What you will do — Copy the material below verbatim from the line with "Cycles will calculate" to the line with "For more information", both lines included, omitting pictures and every line outside that range.

Source data —

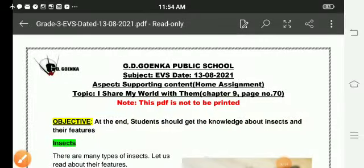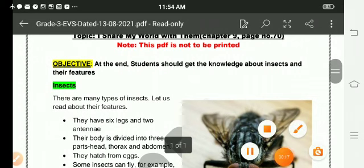Hello dear students, hope you all are fine and doing well. I welcome you all in the EVS class. Today, our topic is 'I Share My World with Them,' chapter 9, page number 70. The objective of this topic is that students should get the knowledge about insects and their features. So let us begin students — insects.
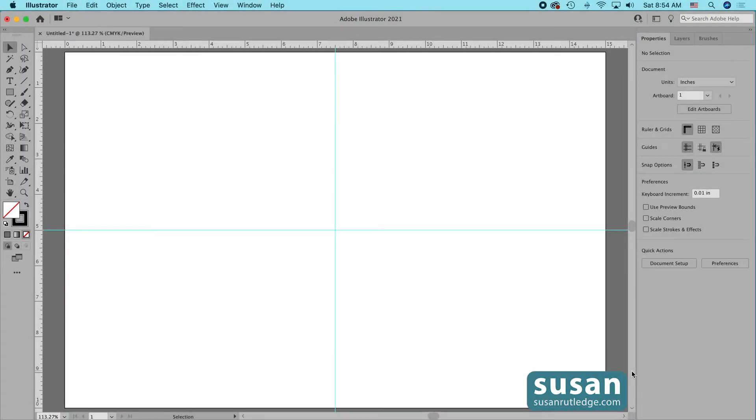Hi, I'm Susan Rutledge and in this video I'm going to show you some tips and tricks for using the rectangle tool in Adobe Illustrator.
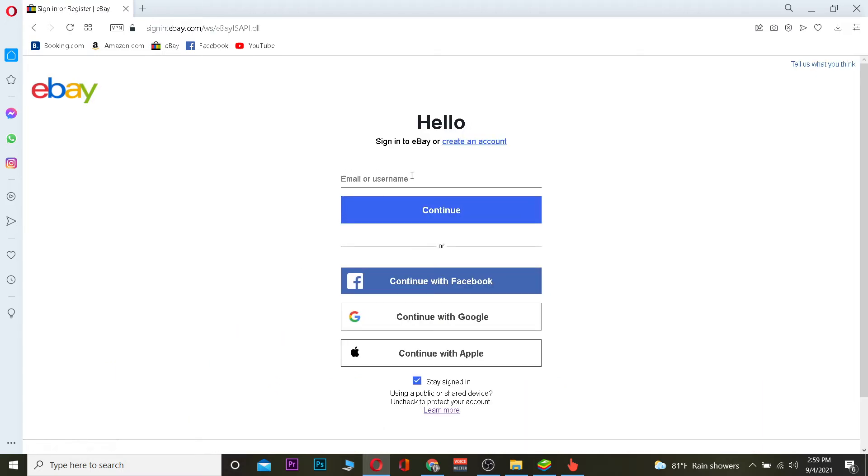You want to enter the email address or username, whichever thing you feel comfortable entering. After entering that you want to click and continue. After clicking on continue it's going to take you to the page where you can enter your password.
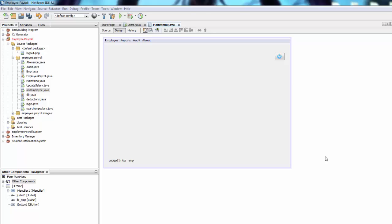Hi everyone, welcome back to the employee payroll management system tutorial. This is part 30 and we're going to wrap up everything that we did. You can find the full project linked in the description box below — you can download it, use it, change it, do whatever you want with it.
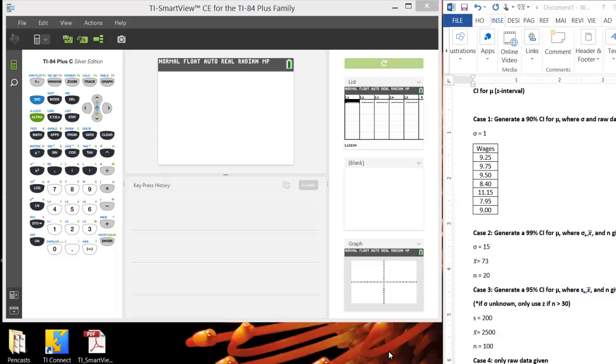In this tutorial, we'll go through how to generate a confidence interval for mu using the z-interval feature in the TI-84 calculator. In the TI-83 calculator, it's very similar.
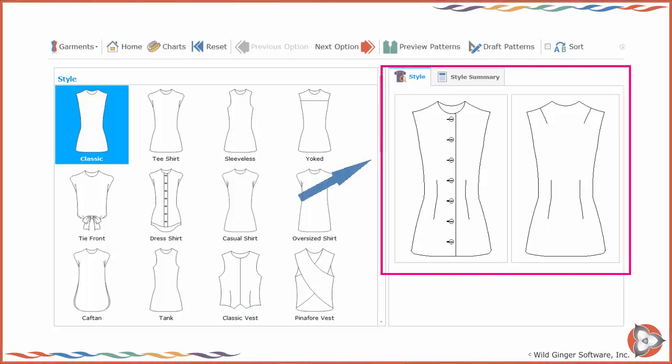As you select each option, a front and back sketch of the selected style options will appear on the right side of the Designer Interface screen.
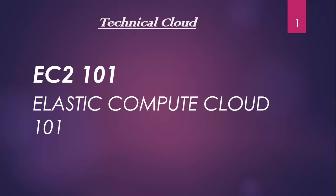Hello guys, welcome to Technical Cloud. Today we will talk about EC2 service.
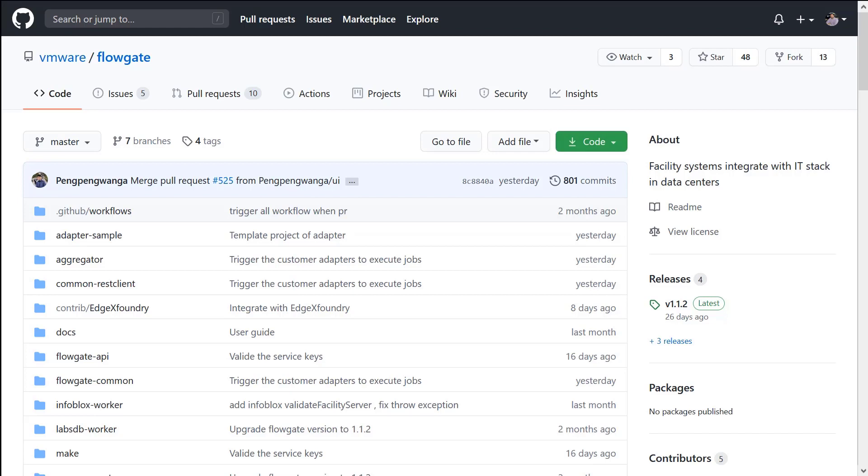It collects all this data and then passes it along to tools like vRealize operations. It also does a lot more and I'm going to show you that in just a minute.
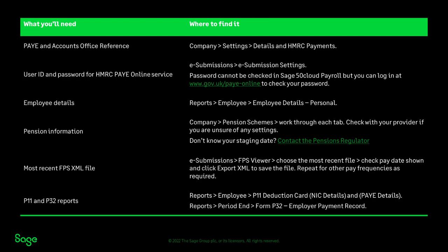You now have everything that you need to switch from Sage 50 Cloud Payroll to Sage Business Cloud Payroll. Thanks for watching.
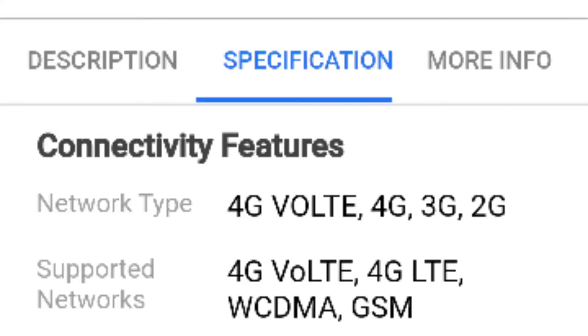You can see the connectivity feature. The supported networks include 4G LTE and GSM.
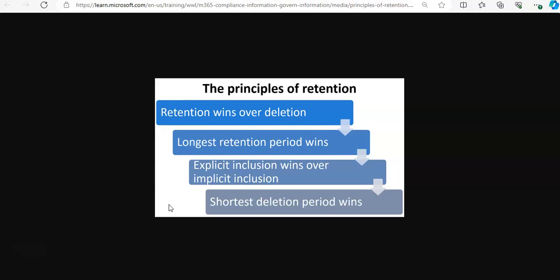Explicit inclusion wins over implicit inclusion. If a label with retention settings is manually assigned, known as an explicit label, by a user to an item such as an Exchange Email or OneDrive document, that label takes precedence over a policy assigned at the site or mailbox level. For example, if the explicit label says to retain the item for 10 years but the policy assigned to the site says to retain it for five years, the label takes precedence.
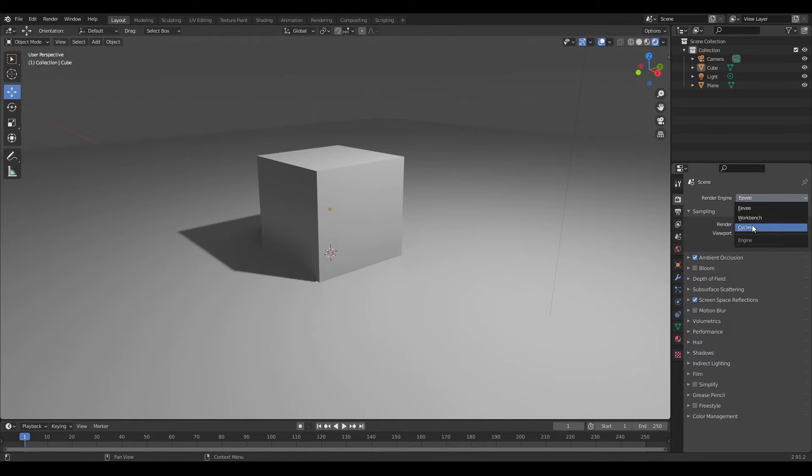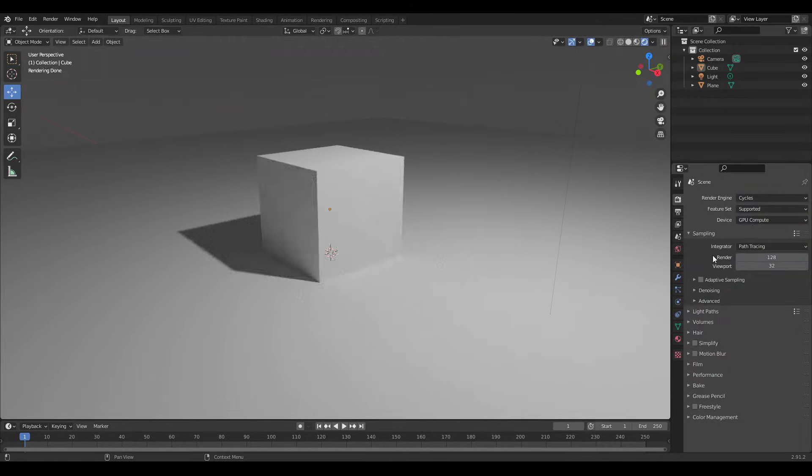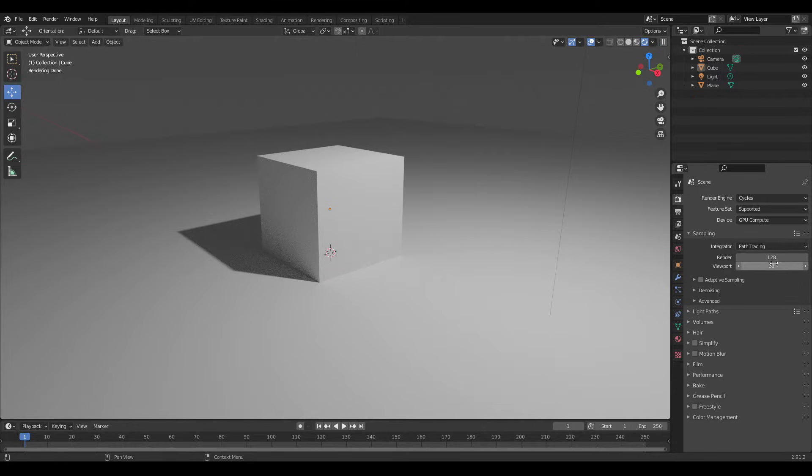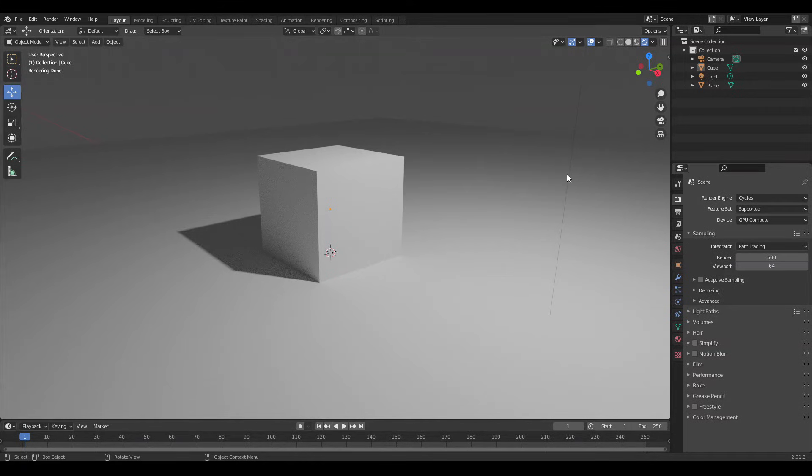Cycles will calculate the lighting more physically accurate and take longer. Choose how many samples you want. The higher the samples are, the less noisy your renders will be. Note it will also take longer.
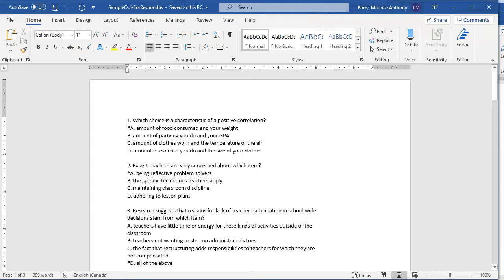If an image is required for the question, you simply paste it between the question and the first distractor. Likewise, images can be used for the distractors. This is one simple way of getting tables, equations, diagrams, and other graphical items into your tests without resorting to complicated formatting.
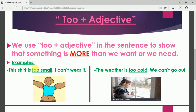Look at these examples. This shirt is too small. It has the same meaning as 'very, very small' — that's why I can't wear it. Look at the picture: the shirt is too small, and because it's too small, this person cannot wear it. It's very, very small — it is preventing him from wearing it.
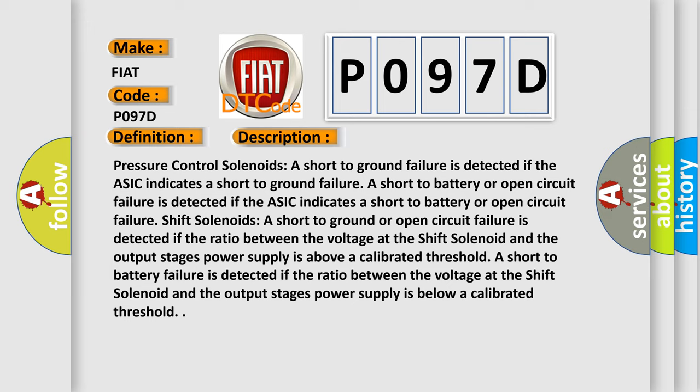Shift solenoids: A short to ground or open circuit failure is detected if the ratio between the voltage at the shift solenoid and the output stage's power supply is above a calibrated threshold.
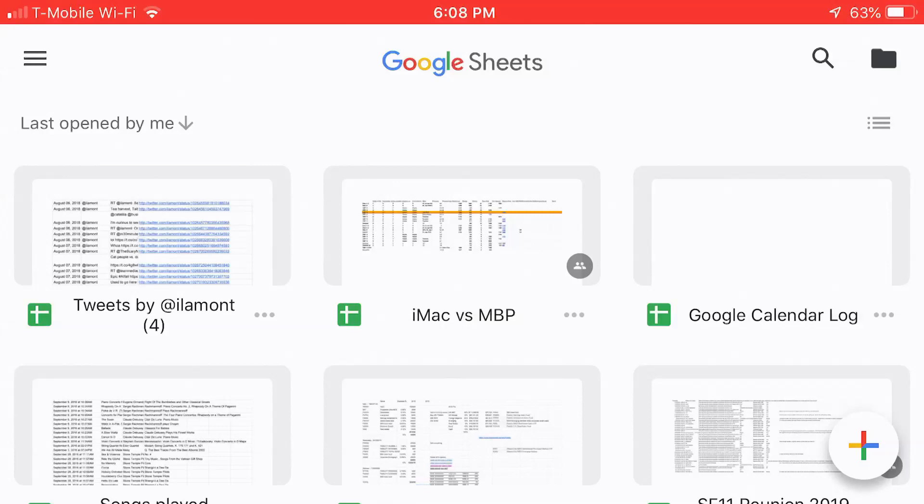For more information on how to get the most out of Google Sheets, check out my book, Google Drive and Docs In 30 Minutes. It also covers Google Sheets, as well as other Google applications, including Google Slides, Google Sites, Google Forms, etc., available from In30Minutes.com. And thank you so much for watching.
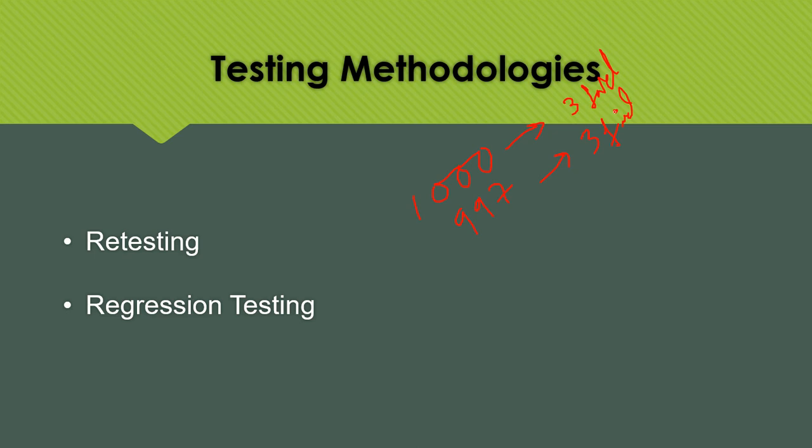And he has informed you that, guys, we have fixed your problem. Now, you can test it. So, now my question is, whether you are going to execute only these three test cases or all the thousand again? What you are going to do? Whether you are going to execute only these three test cases or all the thousand test cases again? Just think.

Solution to this problem —
Cycles will calculate the lighting more physically accurate and take longer. Choose how many samples you want. The higher the samples are, the less noisy your renders will be. Note it will also take longer.
If an image is required for the question, you simply paste it between the question and the first distractor. Likewise, images can be used for the distractors. This is one simple way of getting tables, equations, diagrams, and other graphical items into your tests without resorting to complicated formatting.
Look at these examples. This shirt is too small. It has the same meaning as 'very, very small' — that's why I can't wear it. Look at the picture: the shirt is too small, and because it's too small, this person cannot wear it. It's very, very small — it is preventing him from wearing it.
Shift solenoids: A short to ground or open circuit failure is detected if the ratio between the voltage at the shift solenoid and the output stage's power supply is above a calibrated threshold.
For more information on how to get the most out of Google Sheets, check out my book, Google Drive and Docs In 30 Minutes. It also covers Google Sheets, as well as other Google applications, including Google Slides, Google Sites, Google Forms, etc., available from In30Minutes.com. And thank you so much for watching.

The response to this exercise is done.